Ognuno è quel che è. Postilla etico-esistenziale

Ognuno è quello che è, indipendentemente da quello che la società, spesso in modo casuale e irresponsabile, decide che debba essere. Può avere la qualifica di luminare o di incompetente, di persona virtuosa o di persona inaffidabile, di individuo lucido e lungimirante o di individuo confuso e gretto, e via dicendo. Ma ognuno è quello che è per quel che realmente pensa, dice e produce, nella sua ordinaria quotidianità di vita, in rapporto ad una gerarchia di valori e di competenze non sempre necessariamente coincidenti con criteri già acquisiti e consolidati di giudizio e di merito. Può raggiungere i gradi più alti della scala sociale, professionale, istituzionale, politica o militare, può diventare vescovo o papa, e probabilmente, con i loro atti e le loro opere alcuni confermeranno di meritare i titoli e i meriti loro riconosciuti, mentre altri ne resteranno ben al di sotto o dimostreranno di esserne notevolmente al di sopra. Il valore formale o nominale di ogni persona non sempre coincide con il suo valore reale —può infatti non coincidere talora per eccesso, talora per difetto — e, a dispetto di una pubblica opinione mossa quasi sempre da fattori psicologici ed emozionali, i fatti depongono nella loro intrinseca pur se non di rado  sfuggente oggettività a favore o a sfavore delle capacità dei singoli individui, sui piani più diversi della loro vita intellettuale e pratica.  

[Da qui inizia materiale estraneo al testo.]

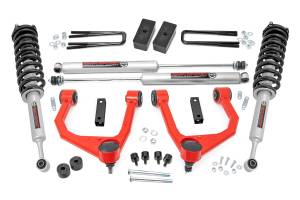 Rough Country - 3.5 Inch Lift Kit - N3 Struts - Toyota Tundra 2WD/4WD (2007-2021) | 76831RED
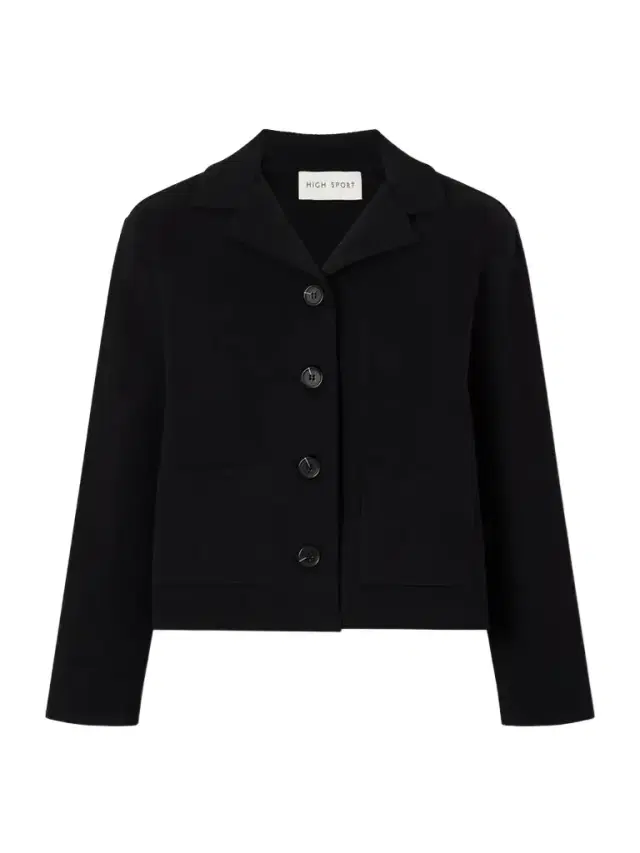 HIGH SPORT Maude Ribbed Cotton-blend Jacket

Purtroppo, la natura umana è tale da indurre ogni soggetto a valutare, in modi difformi e soprattutto non sempre rispondenti ad effettivi criteri di onesta e distaccata razionalità, cose e persone, capacità personali e capacità altrui, ma, a prescindere dalla maggiore o minore obiettività di giudizio che di caso in caso si riesca ad esprimere, ognuno è quello che è al di là delle critiche o degli apprezzamenti che potrà ricevere da parte di simili non necessariamente più illuminati e autorevoli di lui. Così,  tranne casi realmente e palesemente eclatanti, non si danno tribunali, né commissioni giudicatrici, né giurìe qualificate, né verifiche meritocratiche talmente attendibili, oculate, autorevoli e ineccepibili, da poter stabilire in modo certo e definitivo chi sia degno di biasimo o di censura e chi invece di lode o di ammirazione. Ma il mondo va come va anche se ognuno è quel che è e anche se il mondo non potrà mai impedire che sia quel che realmente è.

Il mondo continuerà ad arricchirsi di contributi umani, intellettuali, morali, sempre equivocati o travisati o più semplicemente avversati sulla base di transitorie e superficiali mode storico-culturali o di pregiudizi antropico-corporativi, e saranno sempre in pochi, sebbene molto attrezzati sul piano logico-conoscitivo, a sentirsi attratti dallo splendore della verità non meno che da pratiche umane, coerentemente vissute, di rettitudine e di giustizia. Ciò, tuttavia, non comporterà, in alcun caso, che ognuno sarà stato quel che il mondo ne avrà decretato, bensì quel che avrà potuto, voluto e saputo essere, contro ogni ostracismo e contro un giudizio mondano generalizzato che conta ma che non può condannare all’oblìo esperienze di pensiero e di vita che persino Dio potrebbe ancora giudicare degne di benevola e compiaciuta attenzione. Questo potrebbe o potrà accadere presto o tardi nella certezza etico-esistenziale che, come scrive Fernando Pessoa nel suo “Libro dell’inquietudine”, è preferibile «una sconfitta consapevole della bellezza dei fiori, piuttosto che una vittoria in mezzo ai deserti, una vittoria colma della cecità dell’anima». Diceva Freud che ognuno è quello che è non perché lo vuole, ma perché qualcosa nella vita lo ha reso tale. Può darsi che avesse ragione ma, anche in tal senso, resta vero che ognuno è quel che è e gli altri non possono togliere, né aggiungere nulla a quel che è o a quel che non è. Ognuno di noi, quando non sarà più, sarà stato quel che avrà amato. Per riprendere una magnifica espressione agostiniana, se avrà amato la terra non potrà essere che terra, e se avrà amato Dio è possibile che gli venga concesso di essere come Dio.